One may view the LastComputer data issue as largely a file-synchronization problem. Whichever LastComputer you’re using (primary, mobile, friends’, hotel, or post-crash replacement) you want your data to be replicated on that computer as you need it. Folder-synchronization tools (e.g., FolderShare, PowerFolder, Unison, and good ‘ole rsync) show one way this may work. These tools allow you to have the same set of files on multiple computers; if a file is changed on one computer it automatically gets updated on the other computers.
I personally use FolderShare to keep certain files consistent across many machines (e.g. photos, files with information for the whole family, or common command files I need on each of my machines).

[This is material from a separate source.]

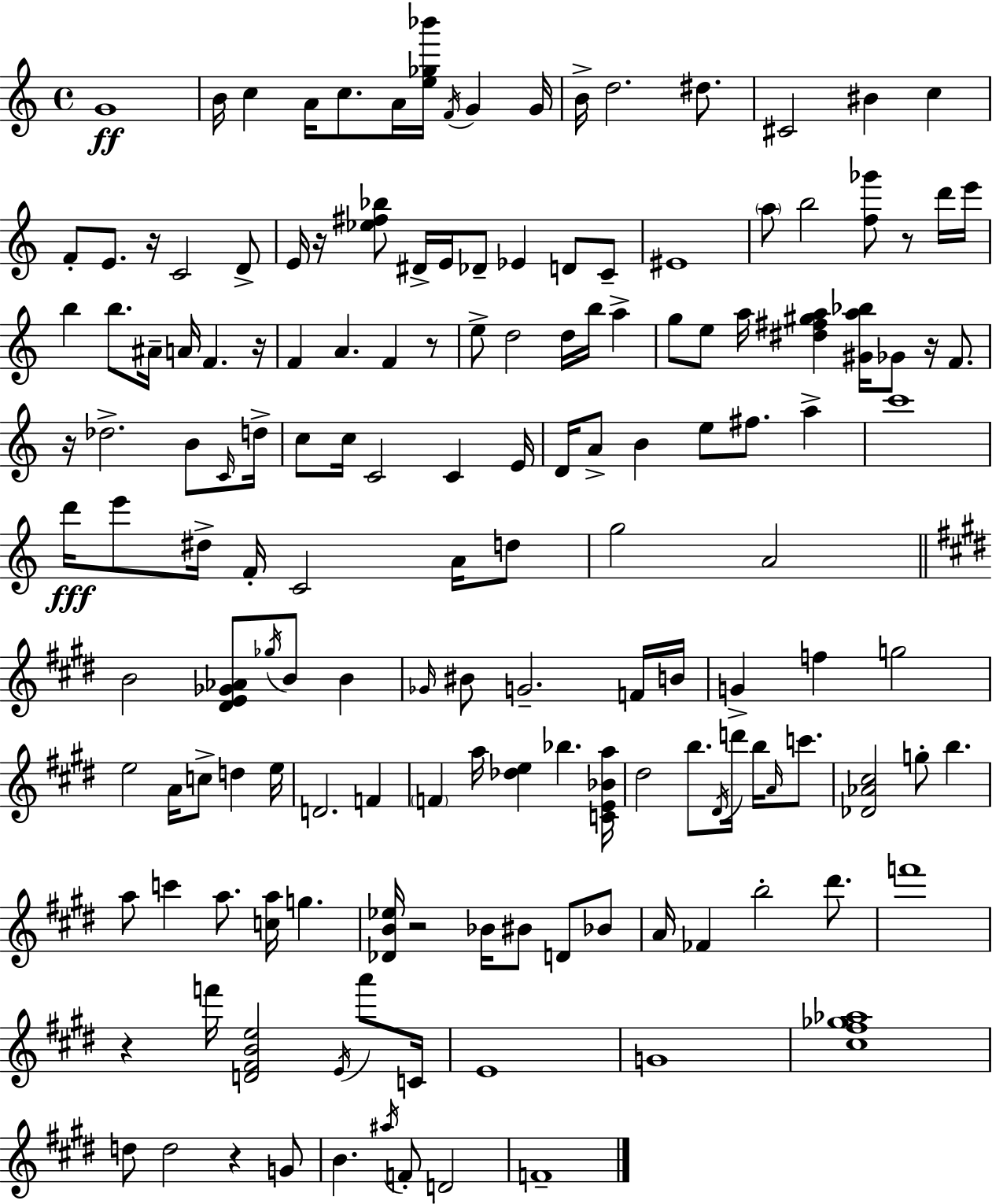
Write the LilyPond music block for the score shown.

These file synchronization programs are not, in their current form, exactly what the LastComputer users need, but they do validate the utility and performance of cache-like, update as-needed data management. And they can be used to personally recreate some parts of the LastComputer on your own. For example, two friends may want to use file synchronization to constantly keep each other’s computers backed up. Or you may want to keep certain parts of your home and office computer always in-sync. Or your team across the globe may want to have local copies of commonly used documents without the performance loss of around-the-world communications each time they refer to a file.

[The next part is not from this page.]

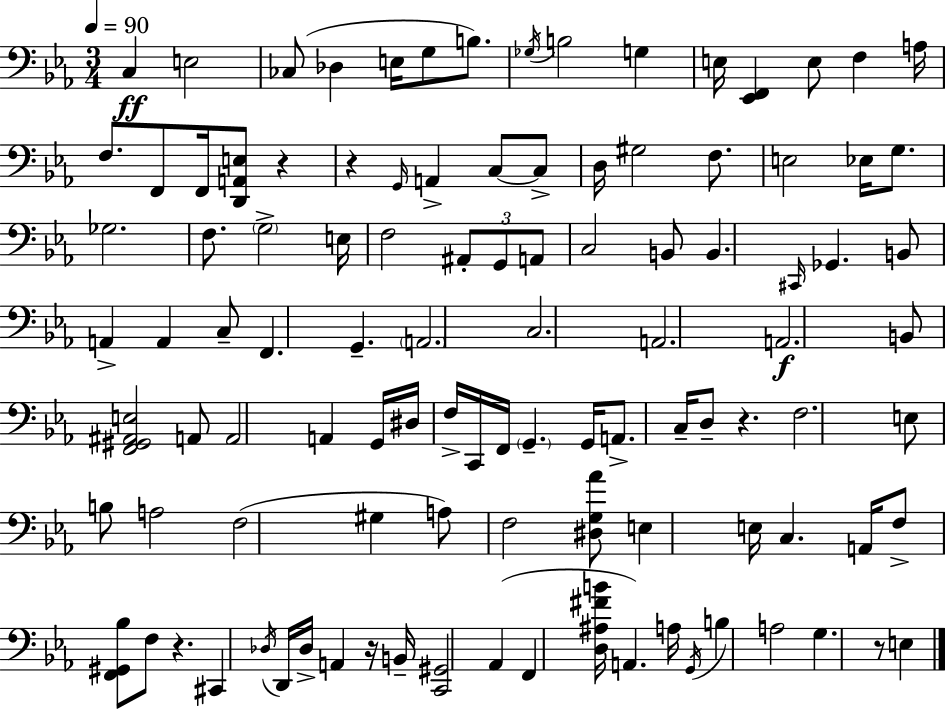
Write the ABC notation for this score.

I maintain some fading hope that Microsoft will surprise us all with a really nice worldwide data replication system, if Ray Ozzie has one more big replication trick up his sleeve.
Web OS & Online Apps:
Many expect that thin clients (browser, flash, silverlight, java) will replace desktop applications entirely. I’ve written previously (1, 2) that I expect this to happen for some common and simple-UI applications, but not all. If I’m wrong, then LastData becomes a non-issue because all of your data will always be on the server. Here are many companies and products betting that I’m wrong: Google Docs, Zoho, Zimbra, ThinkFree, Gnome Online Desktop, eyeOS, Ulteo (and so on, see Read/Write office roundup).
Offline/Online WebApps
A simple extension of the Web OS/SOA idea is applications that run in the browser, but continue to run when disconnected from the Web. Zoho has most recently shown how well this works with their “Go Offline” option which uses Google Gears to cache your data locally. I wrote earlier about Google Gears, and Zoho is the first to show it working. It’s not a great system, because it requires manual intervention, but it does work enough to prove the point.
I keep expecting Adobe to move ahead in this area with their AIR Applications, which is intended to let developers use their web (HTML, PDF, Flash) skills to develop desktop applications. It’s only a minor shift from there to on-demand applications and data anywhere (see Adobe discussion).

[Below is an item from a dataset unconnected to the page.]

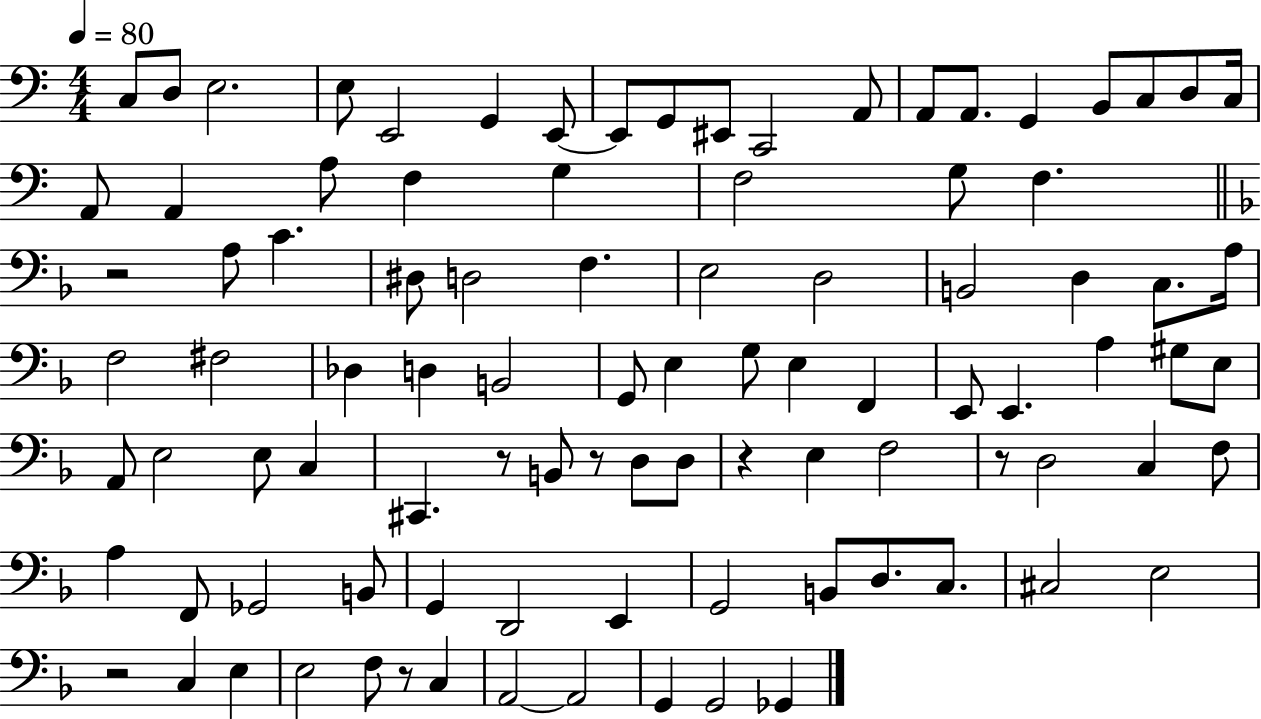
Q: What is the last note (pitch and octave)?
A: Gb2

The disk drive in the cloud
Imagine a drive or folder on your computer—oh, let's just call it “G:” or “/G” for example—that also appears to be on every other computer you use. All of the G data (which will be all of your data) is really off in some server-farm somewhere (you don’t need to know where), but to you as a user it just appears to be in your local G, on any computer you use. The data in G is accessible by both your online apps and your offline apps. You then store and retrieve all of your data (documents, photos, movies, music, high-score game settings, etc…) on G and only G. No extra steps or copying or backup will be necessary. This will be data nirvana.
To achieve adequate performance on this G folder, tweaks will be needed to the current OSes to predicatively cache and search and replicate, but those are just tweaks and not far off from what is built into OS X or Vista already.
I hope that’s what Google has in mind for their GDrive.